But then I found out that the mandatory requirements also covered the same subjects!

So I then realised that the problem is that Ministers have not understood how public and stakeholder  consultation actually works!


Looking at the immense amount of  documentation on this subject, I found absolutely excellent work by the Football Supporters Association, whose materials on Supporter engagement I strongly recommend. However, in its paper on Getting the foundations right (see image), it states that there is widespread scepticism and a lack of clarity about what ‘consultation’ means’


It may be right about scepticism, but totally wrong about consultation. There is no lack of clarity.

As readers of this blog know well, the rules of consultation are well established, very clear and mostly observed by hundreds of civil servants, local government officers, NHS Managers, and others on a daily basis.
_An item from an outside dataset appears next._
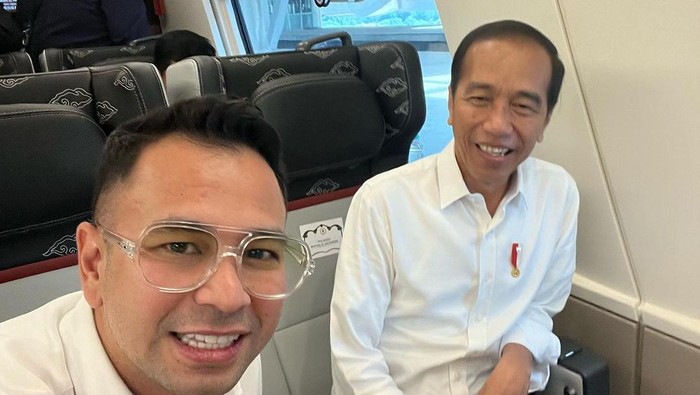 Raffi Ahmad saat mencoba kereta cepat dengan Jokowi.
And as Elizabeth Gammell and I pointed out in The Politics of Consultation, the problem lies with the politicians who prefer to use language loosely and who find it convenient to talk vaguely about participation, involvement, engagement, and consultation as if they were wholly interchangeable. What’s happened here probably is that in the legitimate desire to respond to public anxiety about the cherished game, they have committed to consultation without maybe fully recognising the true rigour of what they are proposing.
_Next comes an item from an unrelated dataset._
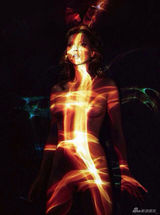 组图:凯特-莫斯豪放全裸 登花花公子60周年封面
Reading between the lines, I fear that too many have assumed that consultation is merely sitting down with ‘representative’ groups of supporters and having a dialogue.


Best practice and legally-defendable consultation goes well beyond this, and (per the Gunning principles) include the need to begin when issues are at a formative stage, to provide sufficient information as to allow intelligent consideration with sufficient time to do so. I have no doubt that football supporters will be delighted if clubs and their owners are to be obliged to consult properly in this way. But is this quite what Ministers intend? And is it what the football authorities and the clubs think they’ve signed up to?


Amid this confusion, there is hope that interested Members of Parliament will work together to tidy up this confusion, and maybe, in the process, avoid some of the unintended consequences that have often resulted from hurried and ill-considered drafting of consultation obligations over the years.


Otherwise, we may have to rely upon retired Judges in the House of Lords to come off the bench (sorry again) to straighten out the uncertainty and avoid bequeathing the Regulator an avoidable problem and the game an unwanted distraction.


Please note I’ve avoided any reference to VAR!